We Need to Build Interactive Computer Vision Systems

You hear strong proclamations about how AI is taking over the world. And then, you read about how sophisticated AI models are easily fooled by small perturbations in input (see figure below).

Google Inception-v3 classifier
Strike (with) a Pose: Neural Networks Are Easily Fooled by Strange Poses of Familiar Objects

The reality is that we're in a time of transition, as we learn more and more about what AI is (and is not) capable of. To truly advance, we need to start designing more interactive algorithms with end use cases in mind—break our solution into modules with outputs that are understandable by regular users. So if the algorithm were confused about a decision, it could simply ask for help. Humans are emotionally wired to help other human beings, and we feel similar empathy towards machines too. Let’s grow that side of the interaction.

AI and Robustness

There are many thoughts out there about what the future holds, long-term, for AI. I recommend reading the bold predictions by Rodney Brooks in early 2018, and following the debate between Gary Marcus and Yann LeCun on the merits of Deep Learning and symbolic AI.
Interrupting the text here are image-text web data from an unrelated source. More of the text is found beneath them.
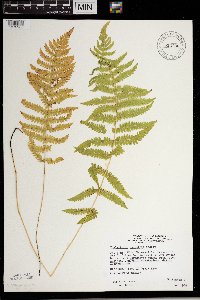 Thelypteris palustris var. pubescens image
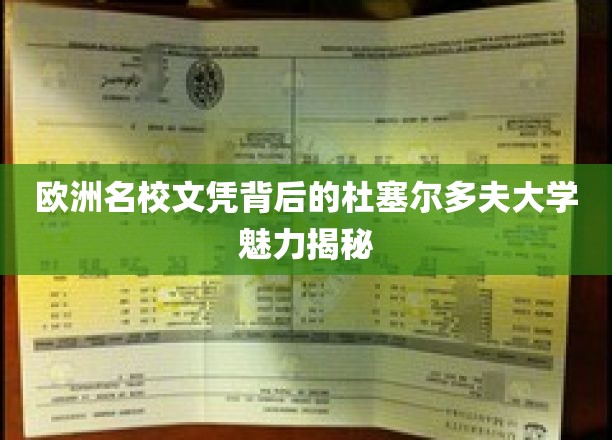 解码杜塞魅力，揭秘欧洲名校文凭背后的杜尔大学传奇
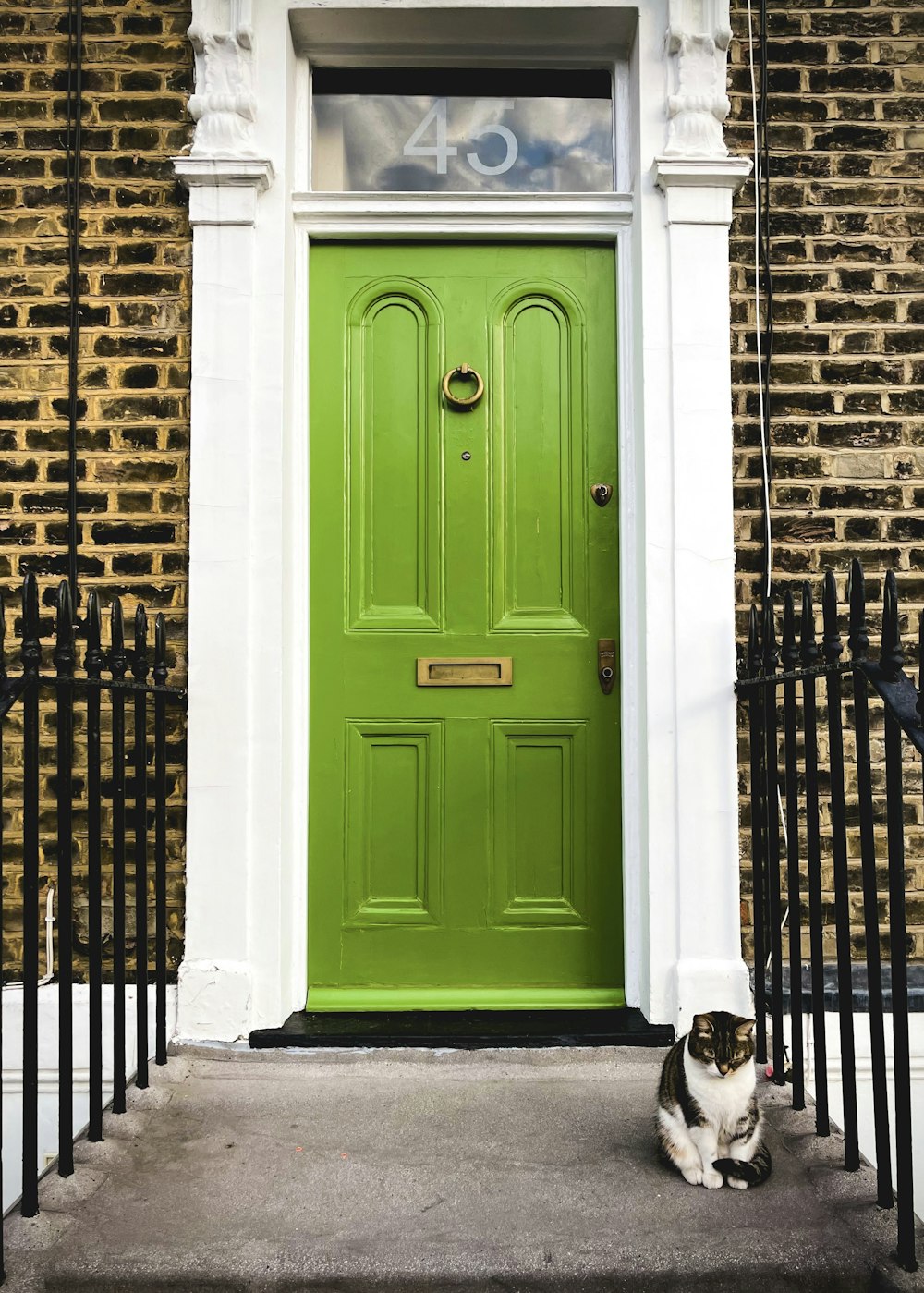 a cat sitting in front of a green door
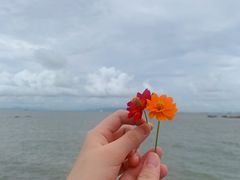 -野狸岛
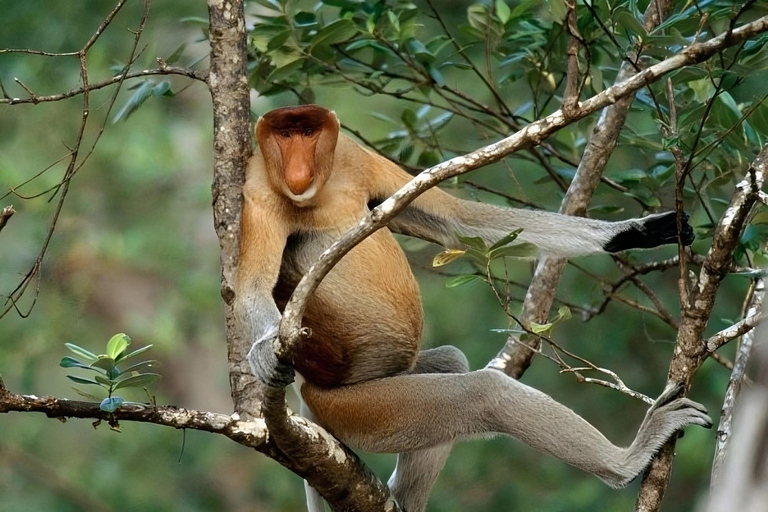 Semporna: Proboscis Monkey & Firefly Cruise with Dinner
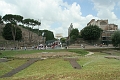 IMG_1406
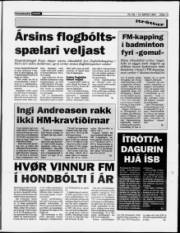 Síða 13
In this post, I take a narrower, more practical view, as an engineer who wants to build accurate, scalable, and robust systems to solve today's exciting problems. I focus on computer vision because there, the issue of robustness is more obvious and the complexity of computation is higher than in other fields such as NLP. However, the arguments below seamlessly apply to the broader field of AI.

Lack of robustness is the core challenge to overcome with current deep learning models used in computer vision. Yes, we can add more data and train even better models, but the best models fail unpredictably. Training end-to-end models wherein we want the network to associate inputs to outputs of a complex system create even more uncertainty about when and how the system would fail.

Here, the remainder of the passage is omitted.